*** MATERIAL FOR THE TASK

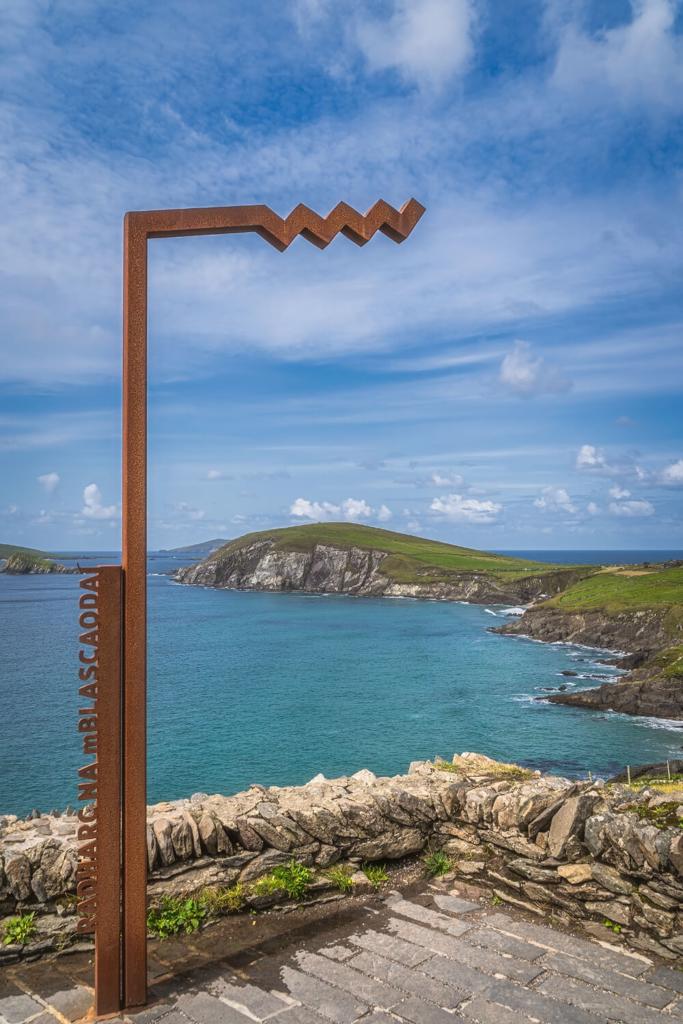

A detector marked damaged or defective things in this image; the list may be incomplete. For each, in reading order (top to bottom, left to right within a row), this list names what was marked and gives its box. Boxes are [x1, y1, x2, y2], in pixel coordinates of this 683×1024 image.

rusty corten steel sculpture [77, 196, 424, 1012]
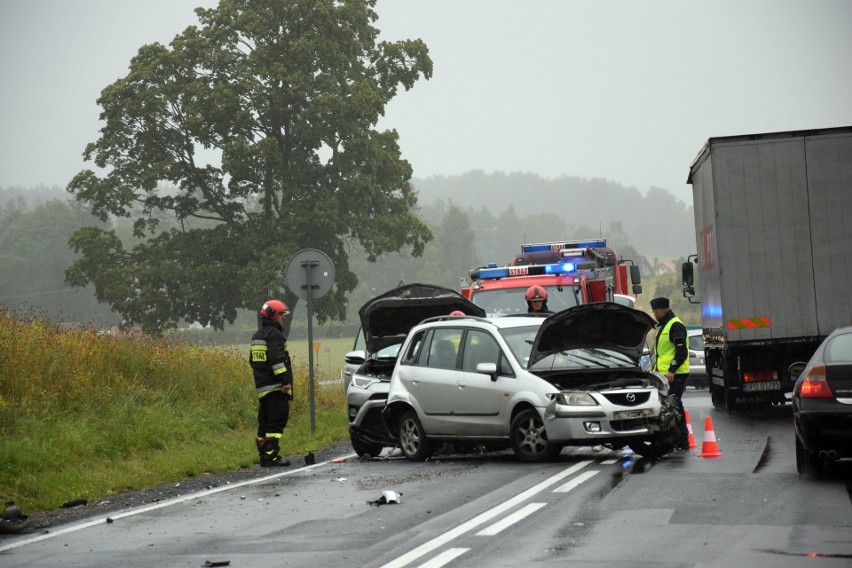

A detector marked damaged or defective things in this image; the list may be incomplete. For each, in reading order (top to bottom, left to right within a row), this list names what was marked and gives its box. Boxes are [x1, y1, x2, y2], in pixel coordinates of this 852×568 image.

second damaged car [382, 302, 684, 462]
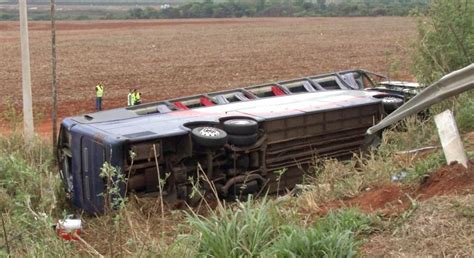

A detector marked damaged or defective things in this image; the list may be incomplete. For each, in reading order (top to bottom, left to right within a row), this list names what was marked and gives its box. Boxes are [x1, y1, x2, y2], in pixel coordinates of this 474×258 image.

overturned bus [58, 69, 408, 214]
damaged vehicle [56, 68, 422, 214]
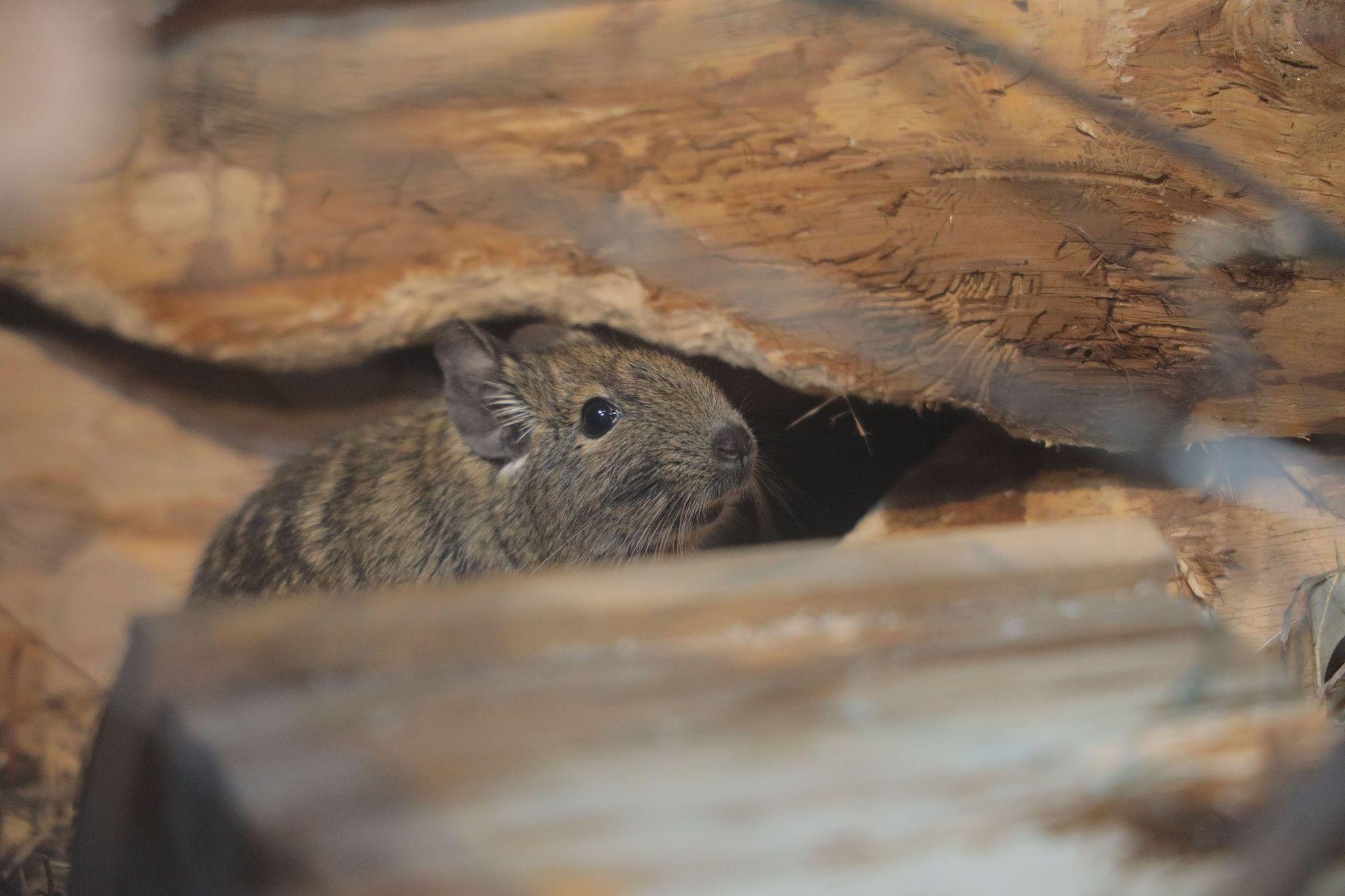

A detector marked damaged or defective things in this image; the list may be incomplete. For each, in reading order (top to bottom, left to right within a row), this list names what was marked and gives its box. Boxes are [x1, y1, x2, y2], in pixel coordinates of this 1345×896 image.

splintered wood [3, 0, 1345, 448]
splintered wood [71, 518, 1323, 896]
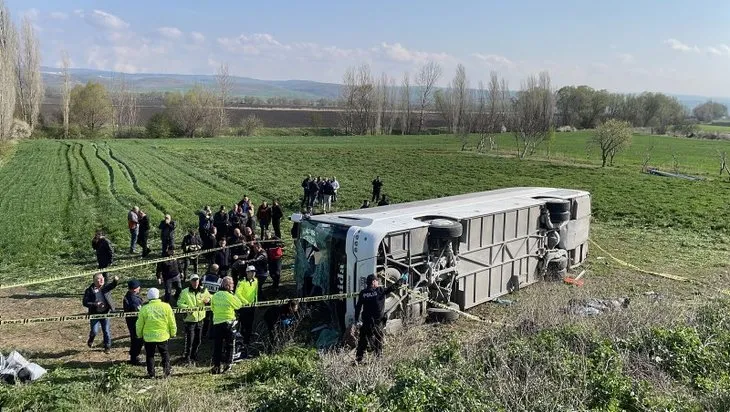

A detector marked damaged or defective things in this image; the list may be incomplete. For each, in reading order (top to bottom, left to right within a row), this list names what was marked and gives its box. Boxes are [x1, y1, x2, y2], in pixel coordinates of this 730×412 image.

******

| WORK TASK |
Your copy should hold exactly the lines from the one with "this 1345×896 image." through the end of the records, both included, and no pictures.

| YOUR SOLUTION |
A detector marked damaged or defective things in this image; the list may be incomplete. For each, in reading order (top to bottom, left to right within a row), this list names what was marked and gives its box. Boxes are [x1, y1, x2, y2], in pixel coordinates of this 1345×896 image.

splintered wood [3, 0, 1345, 448]
splintered wood [71, 518, 1323, 896]

A detector marked damaged or defective things in this image; the list may be incomplete. For each, in reading order (top to bottom, left to right within a row), this list names what was marked and gives its box. Boxes are [x1, y1, x2, y2], in pixel coordinates of this 730×412 image.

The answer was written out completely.